メッセージ:  恐れるな、 神の愛に守られる私たち(マタイ10:26~31)

ご機嫌いかがですか。日本キリスト改革派教会がお送りする「聖書を開こう」の時間です。今週もご一緒に聖書のみことばを味わいましょう。この時間は、日本キリスト改革派教会牧師の山下正雄が担当いたします。どうぞよろしくお願いします。

この番組を長く聞いてくださっている方には、以前にもお話したことがあるかもしれません。

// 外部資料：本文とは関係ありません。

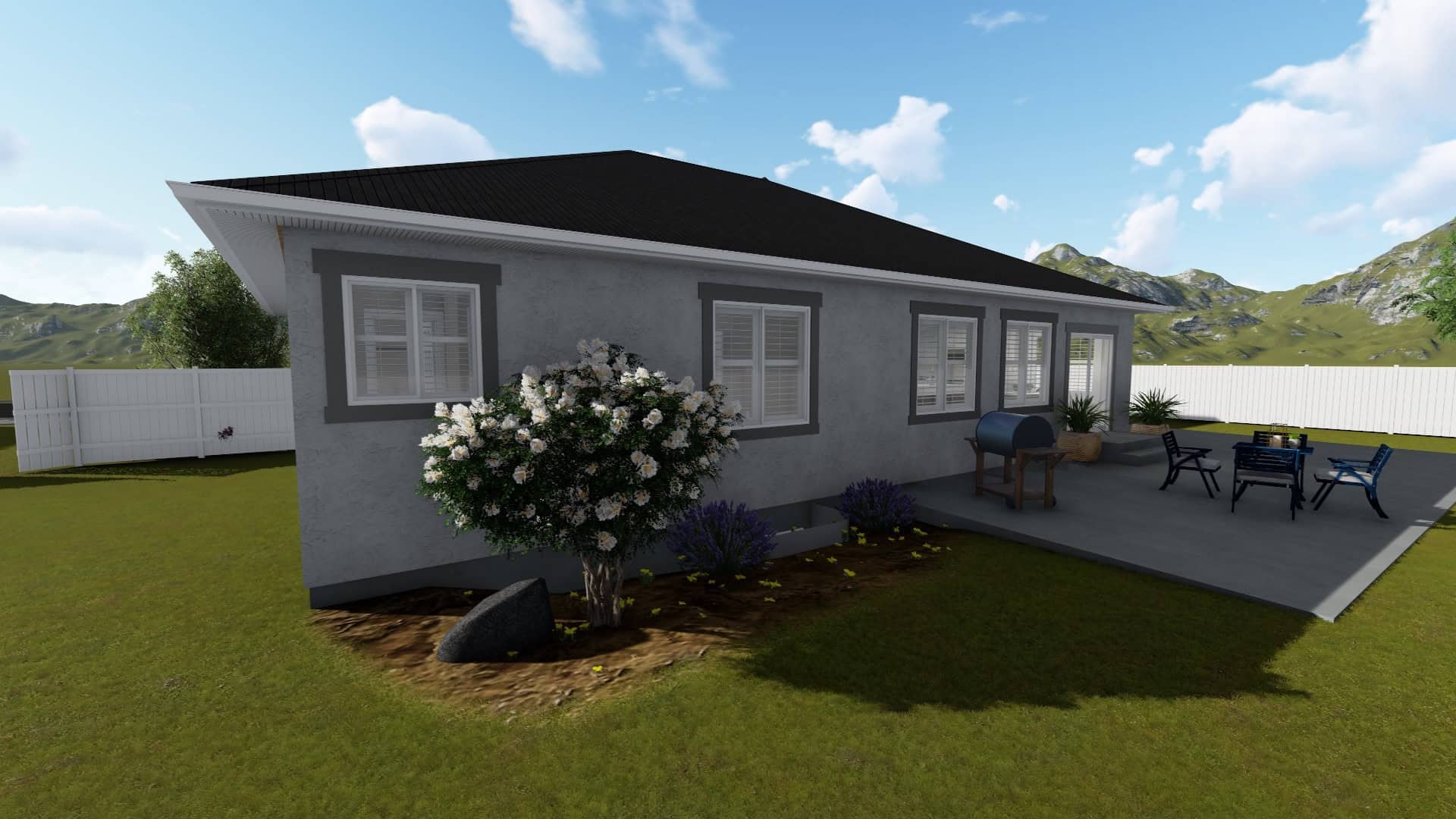 Rear View of this 5-Bedroom, 1493 Sq Ft Plan - 187-1145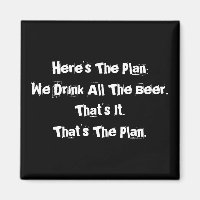 All The Beer Funny 2 Inch Square Magnet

実は二〇世紀以降、キリスト教徒が迫害で命を落とした数は、ローマ時代や日本のキリシタン時代を上回ると言われています。信じられないと思われるかもしれませんが、現代においても、多くの人々が信仰のために命をかけています。こう聞くと、「それなら信仰なんて持たないほうがいいのではないか」と恐れを抱く方もいらっしゃるでしょう。

しかし、きょうの聖書の箇所では、イエス・キリストが「恐れてはならない」と力強く語られています。いったいどのような意味が込められているのでしょうか。ご一緒に考えてみたいと思います。

それでは早速きょうの聖書の個所をお読みしましょう。きょうの聖書の個所は新約聖書 マタイによる福音書 10章26節~31節までです。新共同訳聖書でお読みいたします。

「人々を恐れてはならない。覆われているもので現されないものはなく、隠されているもので知られずに済むものはないからである。わたしが暗闇であなたがたに言うことを、明るみで言いなさい。耳打ちされたことを、屋根の上で言い広めなさい。体は殺しても、魂を殺すことのできない者どもを恐れるな。むしろ、魂も体も地獄で滅ぼすことのできる方を恐れなさい。二羽の雀が一アサリオンで売られているではないか。だが、その一羽さえ、あなたがたの父のお許しがなければ、地に落ちることはない。あなたがたの髪の毛までも一本残らず数えられている。だから、恐れるな。あなたがたは、たくさんの雀よりもはるかにまさっている。」

この箇所は、イエス・キリストが12人の弟子たちを派遣する場面で語られた一連の言葉の一部です。弟子たちはこれから厳しい伝道の旅に出ようとしています。しかし、イエス・キリストは弟子たちに恐れるなと励まされます。その理由を三つに分けて見ていきましょう。

第一に「覆い隠されたものは現れる」ということです。

イエス・キリストは「覆われているもので現されないものはなく、隠されているもので知られずに済むものはない」と語られます。これは、福音の真理が最終的には隠し通せないものであることを意味しています。

私たちは時々「目立たないようにしていれば問題は起きないだろう」と思ってしまいがちです。人とぶつかって軋轢に苦しむよりは、大人しくしている方がずっと安全だと考えてしまいます。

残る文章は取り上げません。